Le Journal de Dantec est un banc d'essais. Le romancier effectue des réglages. Il opère dans un endroit qui chauffe. Le travail de l'écrivain le relie à celui qui maitrise le feu, au chaman, à l'alchimiste, au chanteur de flamenco puro ou au toréador, quand celui-ci pour désigner l'arène emploie le mot de forge. Un lieu où on se met en danger. Le sauna psychique du cerveau, l'espace de retranchement intérieur intense où convergent les énergies, atelier, forge, agregor, observatoire, capsule spatiale.

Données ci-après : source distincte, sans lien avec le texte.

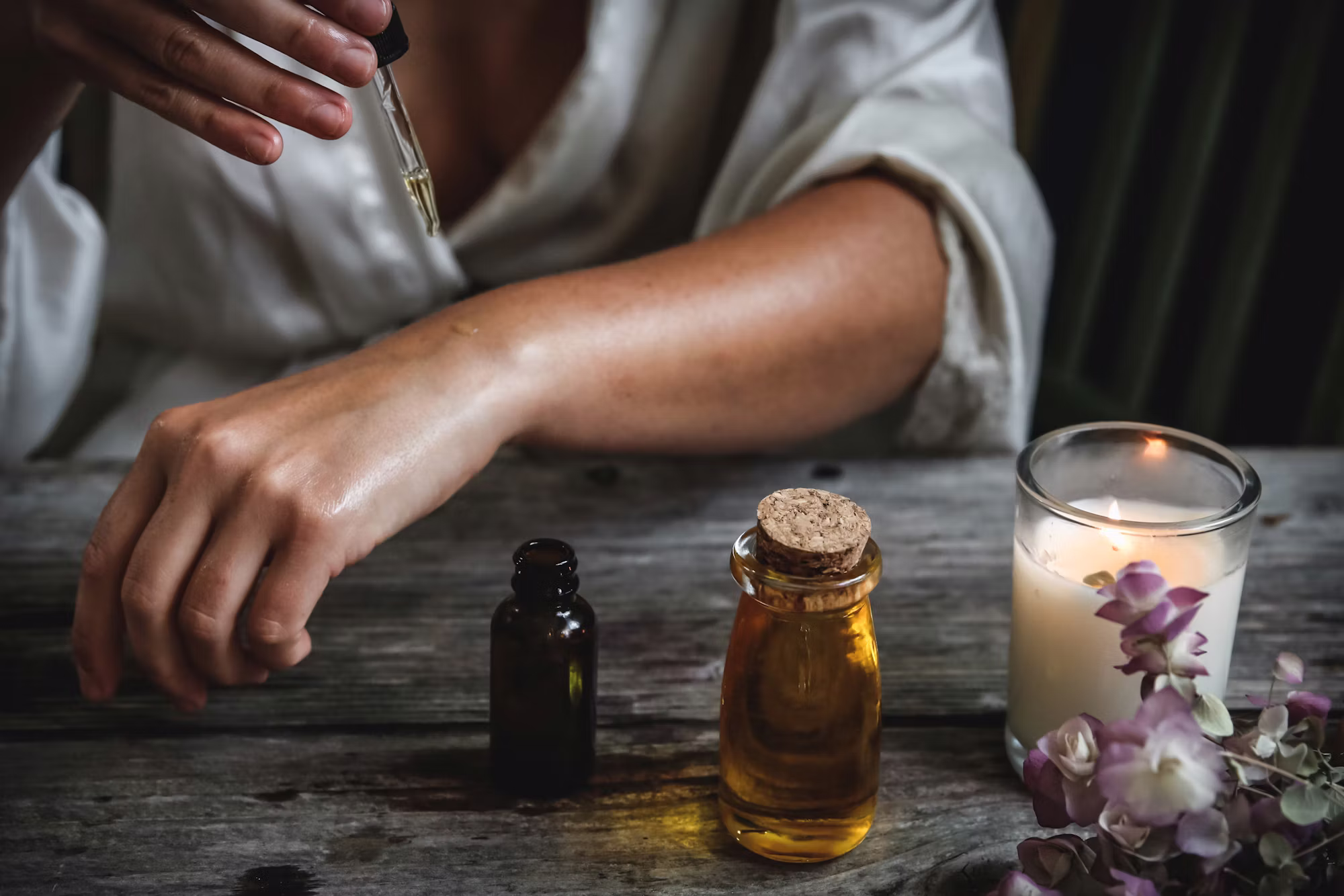 Harnessing the Power of Essential Oils in Your Skincare Routine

La confusion qu'a apportée sa publication, c'est que ce laboratoire n'a pas d'équivalent dans la sphère éditoriale actuelle, la matrice de ses œuvres est jugée comme un livre " ordinaire ". Le romancier Dantec a pris un risque énorme. En opérant à cerveau ouvert, il livre les secrets de ses expériences ( dont certaines, chez la plupart des écrivains, seraient restées inavouables ou passées sous silence, parce que ratées ), il abat ses cartes neuronales, superposées ou en opposition.

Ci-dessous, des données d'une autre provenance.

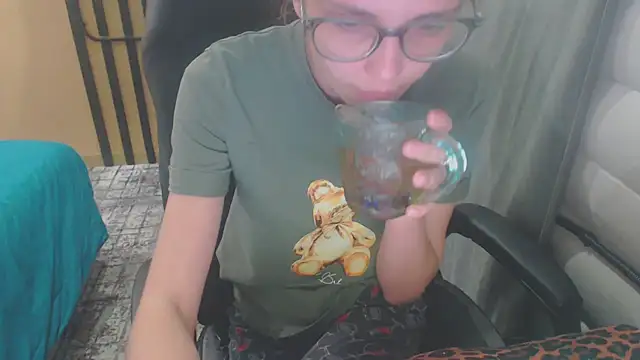 Laco-cO online show from November 2025 10:57:01 PM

Ainsi, sur le cerveau, à quelle théorie de la conscience puis-je me rattacher? Celle de Penrose, d'Edelman, de Jung... Le cerveau est-il un ordinateur ou pas? Si la machine est vivante, comme l'avance Dantec, à cause de son autonomie " restreinte " comme l'homme, elle l'ignore, et ne peut donc corriger sa " conduite ". C'est pourquoi l'emploi du mot " logiciel " à propos du cerveau me gêne. Il implique une programmation, donc une limitation par sélection et accumulation de données ( la somme des infos créant des " possibles " n'est pas infinie ), l'application de ce programme se heurte à ses limites intrinsèques. Dans le cerveau, le +1 est toujours faisable, marquant ainsi la différence humaine, les plis et les replis fractals du cerveau
(à l'image de l'univers qui pourrait être un " hérisson fractal " ), que multiplient les interactions quantiques ouvrant un champ illimité à ses possibilités ( en attendant les ordinateurs quantiques qui remettront peut-être en question cette différence humain/machine ).
Critiquer Dantec nécessite, on l'observe çi-dessus avec ce que vous voulez ( stupéfaction, effroi, incompréhension... ), une dérive mentale. Je suis un voyageur immobile, mais mon esprit est mon véhicule. Il est équipé de dispositions conscientes - les idées et les fantasmes, pour simplifier - et inconscientes - visions, hallucinations, cauchemars, rêves ( et je livre à votre méditation cette phrase issue de la nuit du 04/01/1998: " L'aporie torture l'imagination ". ) Je ne fréquente pas en touriste les agences de voyages des idées reçues, et je ne voyage pas autour de mon nombril, c'est l'invention qui me tient.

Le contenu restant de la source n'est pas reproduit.